The road to EV safety requires a robust infrastructure

Few would argue that emerging technologies like electric vehicles (EVs) and electric micromobility devices (more commonly known as e-bikes and e-scooters) are transforming today’s modes of transportation. Today, there are reportedly more than one million electrified vehicles on U.S. roadways; that number is expected to reach more than 18 million by 2030. Meanwhile, travel to just about any urban setting and you’ll surely see people on e-bikes and e-scooters nimbly navigating city streets.

With the increasing ubiquity of these lithium-ion battery-powered vehicles and devices, the appropriate infrastructure of safety must be in place to support their presence and growth. On the fire service side, this includes ensuring that first responders receive the training needed to safely and effectively handle associated incidents. For consumers, it means educating them about how to properly charge and store EVs, e-bikes, and e-scooters.

NFPA has been committed to addressing potential fire hazards posed by EVs for some time, offering in-person and online trainings that teach first responders how to safely and effectively mitigate EV incidents. These trainings and related resources were developed in coordination with several major safety organizations and numerous national laboratories that share our commitment to EV safety. We’ve also received grants to help deliver these trainings to as many fire departments as possible. To date, NFPA has helped educate more than 300,000 first responders on this emerging hazard.

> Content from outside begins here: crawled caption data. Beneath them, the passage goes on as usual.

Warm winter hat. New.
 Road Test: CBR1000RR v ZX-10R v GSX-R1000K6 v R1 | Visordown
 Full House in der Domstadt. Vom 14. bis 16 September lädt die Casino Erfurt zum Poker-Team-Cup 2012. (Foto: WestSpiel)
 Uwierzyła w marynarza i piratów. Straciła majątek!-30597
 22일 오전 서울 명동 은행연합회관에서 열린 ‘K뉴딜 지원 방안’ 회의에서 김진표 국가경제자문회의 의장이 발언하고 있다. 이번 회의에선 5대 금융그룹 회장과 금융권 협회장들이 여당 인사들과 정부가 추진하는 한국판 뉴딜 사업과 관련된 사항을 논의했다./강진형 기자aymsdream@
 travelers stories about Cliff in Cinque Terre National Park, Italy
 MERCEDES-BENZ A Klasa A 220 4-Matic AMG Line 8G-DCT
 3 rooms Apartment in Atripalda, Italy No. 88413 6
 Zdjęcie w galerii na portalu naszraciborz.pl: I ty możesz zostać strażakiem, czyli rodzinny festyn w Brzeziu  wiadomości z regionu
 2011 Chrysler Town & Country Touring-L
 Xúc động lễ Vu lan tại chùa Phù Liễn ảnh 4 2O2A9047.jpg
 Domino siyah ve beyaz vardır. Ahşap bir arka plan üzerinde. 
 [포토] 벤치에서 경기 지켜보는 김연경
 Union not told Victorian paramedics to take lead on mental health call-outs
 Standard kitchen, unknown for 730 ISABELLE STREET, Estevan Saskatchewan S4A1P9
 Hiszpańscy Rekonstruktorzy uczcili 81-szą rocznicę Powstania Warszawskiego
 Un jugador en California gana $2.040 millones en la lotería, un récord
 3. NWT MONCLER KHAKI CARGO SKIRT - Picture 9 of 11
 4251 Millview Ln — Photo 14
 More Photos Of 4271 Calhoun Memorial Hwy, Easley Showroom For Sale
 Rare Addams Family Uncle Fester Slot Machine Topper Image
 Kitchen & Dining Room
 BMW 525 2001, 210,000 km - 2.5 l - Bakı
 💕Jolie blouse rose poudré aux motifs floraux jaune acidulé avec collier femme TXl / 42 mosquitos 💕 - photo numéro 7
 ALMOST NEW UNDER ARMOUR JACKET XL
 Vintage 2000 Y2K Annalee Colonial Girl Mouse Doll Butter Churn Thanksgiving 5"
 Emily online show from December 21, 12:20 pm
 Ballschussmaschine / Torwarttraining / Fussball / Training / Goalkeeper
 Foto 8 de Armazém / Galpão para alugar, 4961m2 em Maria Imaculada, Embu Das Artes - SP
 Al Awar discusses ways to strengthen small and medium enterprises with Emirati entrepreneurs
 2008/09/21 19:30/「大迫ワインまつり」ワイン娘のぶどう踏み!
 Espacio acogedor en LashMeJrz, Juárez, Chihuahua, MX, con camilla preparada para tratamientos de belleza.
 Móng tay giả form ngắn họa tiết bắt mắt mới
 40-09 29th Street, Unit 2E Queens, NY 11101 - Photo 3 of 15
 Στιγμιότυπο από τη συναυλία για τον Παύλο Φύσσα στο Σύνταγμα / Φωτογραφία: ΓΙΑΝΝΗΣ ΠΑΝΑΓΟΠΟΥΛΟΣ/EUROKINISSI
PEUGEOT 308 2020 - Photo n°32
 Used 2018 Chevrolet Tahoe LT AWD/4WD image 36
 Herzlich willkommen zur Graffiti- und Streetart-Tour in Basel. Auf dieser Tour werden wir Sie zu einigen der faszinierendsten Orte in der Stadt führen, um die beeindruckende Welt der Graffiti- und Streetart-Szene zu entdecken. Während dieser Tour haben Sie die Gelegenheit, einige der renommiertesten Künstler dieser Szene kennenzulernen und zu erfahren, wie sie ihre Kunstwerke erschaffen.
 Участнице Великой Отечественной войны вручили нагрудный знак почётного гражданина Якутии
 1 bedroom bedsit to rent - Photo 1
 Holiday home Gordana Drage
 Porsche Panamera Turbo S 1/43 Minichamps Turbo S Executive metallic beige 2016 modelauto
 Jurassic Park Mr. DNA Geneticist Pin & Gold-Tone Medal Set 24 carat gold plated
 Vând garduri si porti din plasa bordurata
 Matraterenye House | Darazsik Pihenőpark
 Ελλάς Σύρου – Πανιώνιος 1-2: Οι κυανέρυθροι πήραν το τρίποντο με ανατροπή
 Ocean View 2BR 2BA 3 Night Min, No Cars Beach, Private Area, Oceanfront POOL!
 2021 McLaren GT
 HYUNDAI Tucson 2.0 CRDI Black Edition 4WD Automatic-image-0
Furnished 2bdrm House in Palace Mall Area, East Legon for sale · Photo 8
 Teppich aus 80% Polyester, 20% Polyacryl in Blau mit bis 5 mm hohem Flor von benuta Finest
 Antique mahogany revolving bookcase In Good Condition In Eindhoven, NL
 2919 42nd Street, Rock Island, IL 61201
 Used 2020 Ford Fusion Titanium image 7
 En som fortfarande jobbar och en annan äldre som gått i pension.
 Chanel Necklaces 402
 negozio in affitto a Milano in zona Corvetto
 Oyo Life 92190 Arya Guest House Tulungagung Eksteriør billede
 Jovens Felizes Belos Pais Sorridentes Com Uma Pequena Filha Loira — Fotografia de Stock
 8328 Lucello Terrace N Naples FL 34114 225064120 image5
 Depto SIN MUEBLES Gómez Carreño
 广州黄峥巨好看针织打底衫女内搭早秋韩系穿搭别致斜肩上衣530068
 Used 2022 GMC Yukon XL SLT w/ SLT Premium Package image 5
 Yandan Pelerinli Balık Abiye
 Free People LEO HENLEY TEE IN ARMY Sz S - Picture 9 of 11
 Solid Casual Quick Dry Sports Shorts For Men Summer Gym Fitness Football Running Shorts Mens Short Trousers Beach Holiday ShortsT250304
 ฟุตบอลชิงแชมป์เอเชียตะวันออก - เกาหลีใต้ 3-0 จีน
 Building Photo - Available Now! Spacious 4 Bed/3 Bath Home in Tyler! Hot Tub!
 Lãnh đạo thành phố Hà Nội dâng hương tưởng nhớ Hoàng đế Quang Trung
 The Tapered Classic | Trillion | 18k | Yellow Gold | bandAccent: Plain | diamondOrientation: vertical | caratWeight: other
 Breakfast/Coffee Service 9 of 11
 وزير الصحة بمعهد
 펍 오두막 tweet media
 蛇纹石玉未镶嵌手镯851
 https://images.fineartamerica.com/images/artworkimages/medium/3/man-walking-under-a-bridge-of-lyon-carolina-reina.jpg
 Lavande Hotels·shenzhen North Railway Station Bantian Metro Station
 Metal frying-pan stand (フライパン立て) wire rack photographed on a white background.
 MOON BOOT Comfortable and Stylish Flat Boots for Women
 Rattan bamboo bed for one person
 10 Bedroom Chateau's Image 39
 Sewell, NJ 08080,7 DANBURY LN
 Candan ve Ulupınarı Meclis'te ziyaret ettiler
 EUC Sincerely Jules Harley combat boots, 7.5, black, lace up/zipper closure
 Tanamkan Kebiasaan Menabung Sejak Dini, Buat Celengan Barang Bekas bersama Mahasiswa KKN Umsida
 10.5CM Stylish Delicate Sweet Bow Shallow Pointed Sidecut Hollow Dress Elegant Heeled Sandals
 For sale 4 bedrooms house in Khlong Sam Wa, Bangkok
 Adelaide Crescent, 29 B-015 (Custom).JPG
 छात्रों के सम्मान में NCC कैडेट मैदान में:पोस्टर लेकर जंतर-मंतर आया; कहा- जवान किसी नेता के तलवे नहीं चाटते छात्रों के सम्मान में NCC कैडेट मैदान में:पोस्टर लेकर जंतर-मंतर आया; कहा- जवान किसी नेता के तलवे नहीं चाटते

Currently, as part of a three-year project funded by the US Department of Energy (DOE), NFPA and the U.S. Clean Cities Coalition (CCC) have teamed up to develop a series of online courses and workshops that help prepare communities for the growing presence of electric vehicles (EVs) on U.S. roadways. Called “NFPA Spurs the Safe Adoption of Electric Vehicles Through Education and Outreach,” the program works to help communities prepare for electrical vehicle growth in the US, assisting cities and towns with an evaluation of their EV infrastructure, training programs, incentives, and code compliance readiness.

This September, NFPA co-hosted a symposium with the New York City Fire Department (FDNY) to address fire safety hazards associated with improper storage and charging of e-bikes and e-scooters as well as other devices powered by lithium-ion batteries. In follow-up to the symposium, NFPA created new webpage and tip sheet for public educators, building and store owners, the fire service, and other professionals, highlighting why e-bikes and e-scooters catch fire, what some jurisdictions are doing to better regulate that risk, and what people can do to stay safe if they use, store, or charge e-bikes, e-scooters, and other products that use lithium-ion batteries.

Our overall goal has been to ensure that as EVs and other lithium-ion powered devices like e-bikes and e-scooters become more widely used, potential safety threats are addressed as appropriate in a timely manner.

But the work that NFPA has done in collaboration with other committed organizations is only part of the solution. Truly reducing the fire safety risks associated with EVs and other lithium-ion battery powered devices requires a robust ecosystem of safety that includes active, ongoing support and participation from local government, utilities, electrical code officials, manufacturers/dealerships, fleet owners, garages/maintenance facilities, insurance companies, the fire service, EMS, law enforcement, and consumers. All these stakeholder groups must be fully engaged in doing their part to truly help minimize associated safety risks.

As things stand, a sizeable gap remains between this ideal infrastructure and existing levels of preparedness and planning. More widespread public education about EV systems themselves; more guidance around charging installation safety practices; strengthened code compliance; and training for more emergency responders are just a few of the many ways we can begin to close that gap.

If all of us with a vested interest in these issues do our part, we will be vastly more effective at mitigating these types of fires in the years to come. Otherwise, we will continue to see more preventable tragedies occurring more frequently, particularly as the use of EVs continues to grow. It’s up to all of us to decide which road we choose to take.